Military courts issued at least five death sentences and sentenced some opposition leaders to life terms for organising protests after last year’s unrest, which came as protest movements swept across the Arab world. The Shia-led protests in Bahrain were crushed by the country’s Sunni government.
The United States, which harbours its Fifth Fleet in Bahrain, has said a $53m arms sale to the island kingdom depends on its response to the recommendations of the inquiry, which found detainees had been systematically abused and in some cases tortured to death.
Monday’s statement said judges from civilian courts would be part of a body reviewing verdicts issued by the military tribunal that were not subject to appeal.

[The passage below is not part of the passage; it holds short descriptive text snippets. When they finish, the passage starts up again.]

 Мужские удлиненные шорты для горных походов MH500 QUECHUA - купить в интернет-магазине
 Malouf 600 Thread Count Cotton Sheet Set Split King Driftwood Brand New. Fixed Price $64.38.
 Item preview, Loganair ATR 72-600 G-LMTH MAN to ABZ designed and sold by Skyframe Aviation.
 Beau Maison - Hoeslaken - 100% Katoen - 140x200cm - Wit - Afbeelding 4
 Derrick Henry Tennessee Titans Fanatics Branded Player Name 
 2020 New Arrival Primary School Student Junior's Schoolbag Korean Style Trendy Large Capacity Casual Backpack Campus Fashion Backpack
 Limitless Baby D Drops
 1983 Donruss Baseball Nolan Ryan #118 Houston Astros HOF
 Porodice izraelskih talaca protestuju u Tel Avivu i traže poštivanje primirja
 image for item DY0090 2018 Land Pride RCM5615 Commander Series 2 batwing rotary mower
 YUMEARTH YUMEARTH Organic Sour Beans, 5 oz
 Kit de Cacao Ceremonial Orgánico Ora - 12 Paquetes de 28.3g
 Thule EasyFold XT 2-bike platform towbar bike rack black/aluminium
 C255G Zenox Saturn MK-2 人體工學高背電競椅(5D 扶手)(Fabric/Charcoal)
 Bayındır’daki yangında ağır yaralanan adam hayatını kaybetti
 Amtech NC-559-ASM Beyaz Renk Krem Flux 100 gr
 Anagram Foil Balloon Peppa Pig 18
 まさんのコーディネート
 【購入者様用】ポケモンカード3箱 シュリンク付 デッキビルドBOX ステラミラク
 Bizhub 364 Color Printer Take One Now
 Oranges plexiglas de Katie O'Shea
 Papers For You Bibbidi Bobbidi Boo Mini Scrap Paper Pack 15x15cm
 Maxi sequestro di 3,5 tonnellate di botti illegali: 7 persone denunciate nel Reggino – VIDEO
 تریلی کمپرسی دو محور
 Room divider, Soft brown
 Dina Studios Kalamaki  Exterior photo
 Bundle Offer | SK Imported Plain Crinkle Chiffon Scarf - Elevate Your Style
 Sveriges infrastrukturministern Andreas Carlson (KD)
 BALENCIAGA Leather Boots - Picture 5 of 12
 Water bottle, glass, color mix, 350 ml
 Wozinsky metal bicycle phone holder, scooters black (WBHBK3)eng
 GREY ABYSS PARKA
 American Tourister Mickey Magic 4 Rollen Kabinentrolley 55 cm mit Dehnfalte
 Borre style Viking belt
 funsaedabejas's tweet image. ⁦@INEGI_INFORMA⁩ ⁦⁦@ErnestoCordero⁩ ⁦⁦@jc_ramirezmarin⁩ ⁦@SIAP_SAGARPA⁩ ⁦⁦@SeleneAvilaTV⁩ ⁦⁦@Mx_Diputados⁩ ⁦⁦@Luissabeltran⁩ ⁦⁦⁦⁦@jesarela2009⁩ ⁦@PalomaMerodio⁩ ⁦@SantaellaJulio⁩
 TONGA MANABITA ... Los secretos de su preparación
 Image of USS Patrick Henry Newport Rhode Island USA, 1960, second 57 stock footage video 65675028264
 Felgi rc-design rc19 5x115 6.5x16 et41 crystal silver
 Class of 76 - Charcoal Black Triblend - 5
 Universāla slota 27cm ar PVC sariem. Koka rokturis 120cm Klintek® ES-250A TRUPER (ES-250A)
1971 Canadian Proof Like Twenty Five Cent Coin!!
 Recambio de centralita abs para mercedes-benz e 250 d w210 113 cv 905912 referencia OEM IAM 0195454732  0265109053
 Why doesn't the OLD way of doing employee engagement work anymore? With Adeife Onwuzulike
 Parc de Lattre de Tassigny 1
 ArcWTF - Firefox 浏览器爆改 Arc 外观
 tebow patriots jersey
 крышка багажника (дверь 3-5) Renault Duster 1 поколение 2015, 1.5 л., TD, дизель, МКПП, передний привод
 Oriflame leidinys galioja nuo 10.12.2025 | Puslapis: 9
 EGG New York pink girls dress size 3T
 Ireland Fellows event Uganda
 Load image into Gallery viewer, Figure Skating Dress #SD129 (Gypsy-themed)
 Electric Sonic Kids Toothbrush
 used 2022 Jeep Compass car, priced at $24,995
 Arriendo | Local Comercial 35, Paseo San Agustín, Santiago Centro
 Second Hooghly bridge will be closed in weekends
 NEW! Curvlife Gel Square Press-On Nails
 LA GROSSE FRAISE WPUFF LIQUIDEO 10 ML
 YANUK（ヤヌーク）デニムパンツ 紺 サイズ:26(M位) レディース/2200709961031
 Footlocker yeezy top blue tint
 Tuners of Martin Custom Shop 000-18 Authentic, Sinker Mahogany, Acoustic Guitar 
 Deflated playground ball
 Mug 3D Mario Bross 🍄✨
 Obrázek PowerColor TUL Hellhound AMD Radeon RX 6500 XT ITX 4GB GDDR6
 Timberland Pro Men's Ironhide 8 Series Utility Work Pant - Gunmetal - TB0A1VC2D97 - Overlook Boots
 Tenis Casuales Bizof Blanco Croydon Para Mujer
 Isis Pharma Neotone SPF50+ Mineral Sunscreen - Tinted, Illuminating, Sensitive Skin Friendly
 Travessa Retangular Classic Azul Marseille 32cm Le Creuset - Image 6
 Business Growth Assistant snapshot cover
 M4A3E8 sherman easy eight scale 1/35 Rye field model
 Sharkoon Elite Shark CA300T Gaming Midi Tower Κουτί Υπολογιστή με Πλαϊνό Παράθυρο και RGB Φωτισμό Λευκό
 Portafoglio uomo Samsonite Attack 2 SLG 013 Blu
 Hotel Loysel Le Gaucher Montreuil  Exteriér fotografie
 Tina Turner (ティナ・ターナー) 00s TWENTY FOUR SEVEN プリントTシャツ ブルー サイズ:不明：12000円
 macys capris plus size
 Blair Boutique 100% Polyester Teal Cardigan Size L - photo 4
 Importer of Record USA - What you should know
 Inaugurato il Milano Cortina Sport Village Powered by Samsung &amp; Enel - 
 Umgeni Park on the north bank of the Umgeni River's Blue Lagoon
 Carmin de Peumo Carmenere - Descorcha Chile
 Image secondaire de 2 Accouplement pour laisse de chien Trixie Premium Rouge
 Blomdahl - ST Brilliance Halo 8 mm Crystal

Rulings subject to review would include convictions for statements that did not amount to incitement to violence, it said.
The inquiry had criticised such convictions as punishing free speech.
‘National Safety’
The National Safety tribunals, in which Bahrain prosecuted some of the more than 1,000 people detained in the aftermath of protests that rocked the kingdom in February, did not initially allow appeals.
Bahrain subsequently transferred some of the cases to civilian courts and allowed them to hear appeals of verdicts handed down by the military tribunals.
Separately, BNA said the head of the body charged with implementing the recommendations of the inquiry was continuing to work, apparently responding to a report in the opposition Al Wasat daily that he had resigned.
The inquiry dismissed Bahrain’s claim that Shia Iran had stoked unrest through its co-religionists, who complain of discrimination in access to land and state employment.
Continued clashes
Riot police in Bahrain fired tear gas, rubber bullets and stun grenades as they clashed on Sunday with hundreds of opposition supporters following the politically charged funeral of a 15-year-old boy.
Thousands of opposition supporters carrying Bahraini flags and chanting anti-government slogans converged on Sunday on the island of Sitra, south of the capital Manama, to mourn the death of Sayed Hashim Saeed.
Police earlier tried to seal off the site of the funeral to prevent crowds from gathering. The opposition says the teenager died on Saturday after a tear gas canister fired at close range hit him in the chest.
Also on Sunday, Bahrain’s new police chief announced that the kingdom would hire an additional 500 police officers “from all sections of Bahrain society”, according to a statement from the country’s Information Affairs Authority.
The government has pledged to undertake reforms following the release of a report in November that outlined human rights abuses carried out by the government during this year’s unrest.